The more insidious problem is the misleading use of &&. If the regex in s/// doesn't find a match, it returns undef; on the left side of a &&, that means the right side is never executed, and the undef becomes the value of the whole block. Which means any string that the regex doesn't match will be removed and replaced with a undef in the result array returned by map, which is probably not what you want.
That won't actually happen with your regex as written, because every string matches \s*, and s/// still returns true even if it doesn't actually modify the string. But that's dependent on the regex and a bad assumption to make.
More generally, your approach mixes and matches two incompatible methods for modifying data: mutating in place (s///) versus creating a copy with some changes applied (map).

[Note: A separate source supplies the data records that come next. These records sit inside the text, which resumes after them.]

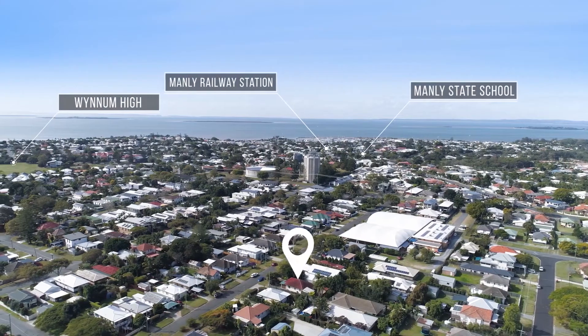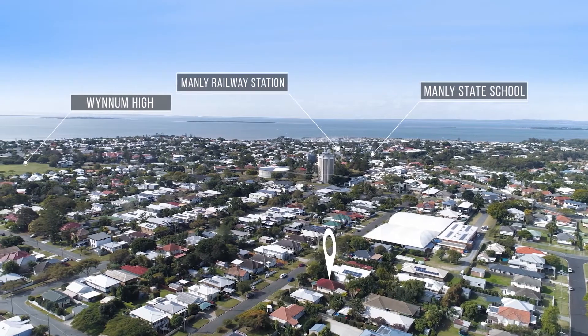Why? Number one: location. It doesn't get any better than this — minutes to the Esplanade and you're in the Manly State School catchment area.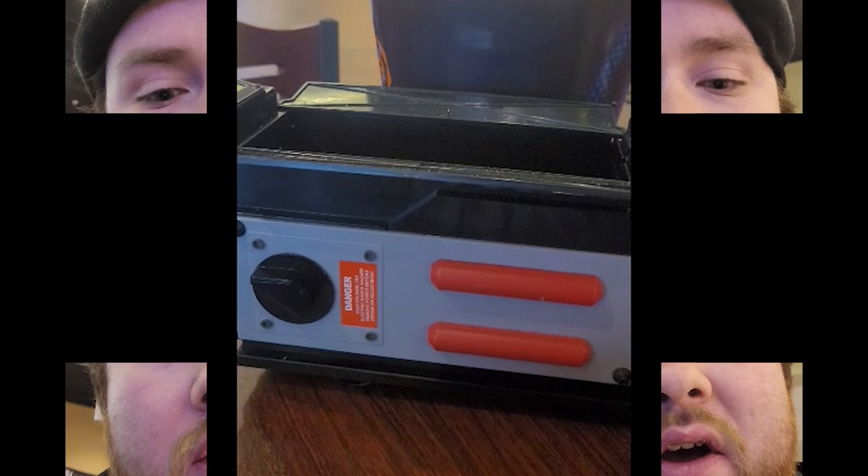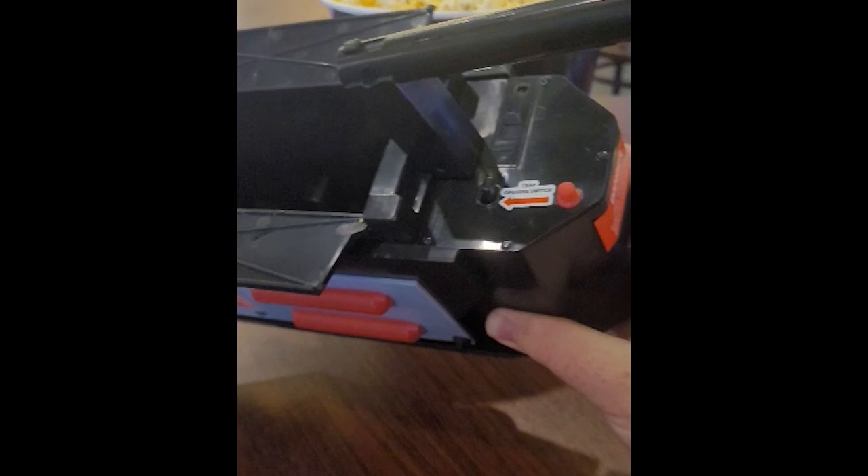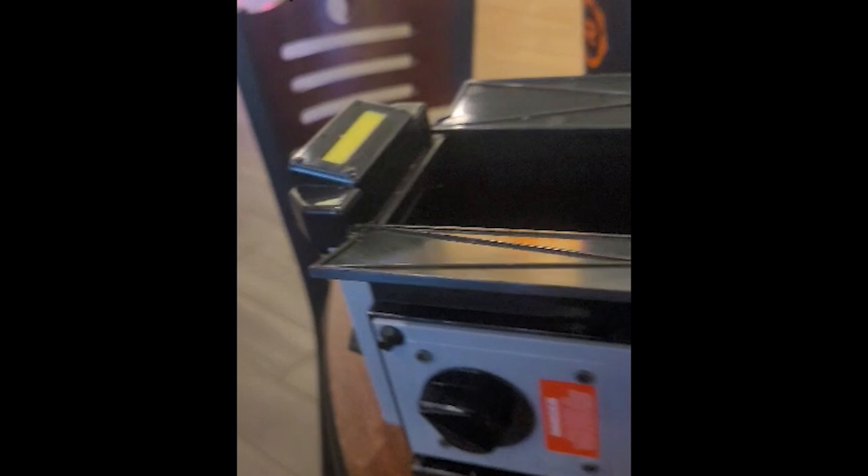This popcorn bucket has got to be the coolest one I've ever seen. Well, next is Saw X's bucket, which was Billy's head, of course. But this popcorn bucket right here is the ghost trap from the Ghostbusters Frozen Empire movie. It feels like you can actually trap ghosts — like, take that, ghost! Ha ha! And it also comes with wheels. It's available for $25 at Regal Cinemas.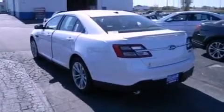Its top features include a twin-turbocharged forced induction system, a limited-slip differential, a sport suspension, and traction control and stability control systems.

The map function is designed to create a new array whose elements are based in some way on an input array; ideally, it should not modify the original array in the process. But your code does – even if you weren't assigning the result of map back to @a, the s/// modifies the strings inside @a in place. In fact, you could remove the @a = from your code and get the same result. This is not considered good practice; map should be used for its return value, not its side effects.
If you want to modify the elements of an array in place, your for solution is actually the way to go. It makes it clear what you're doing and side effects are OK.
If you want to keep the original array around and make a new one with the changes applied, you should use the /r flag on the substitutions, which causes them to return the resulting string instead of modifying the original in place:
my @b = map { s/^\s+|\s+$//gr } @a;
That leaves @a alone and creates a new array @b with the trimmed strings.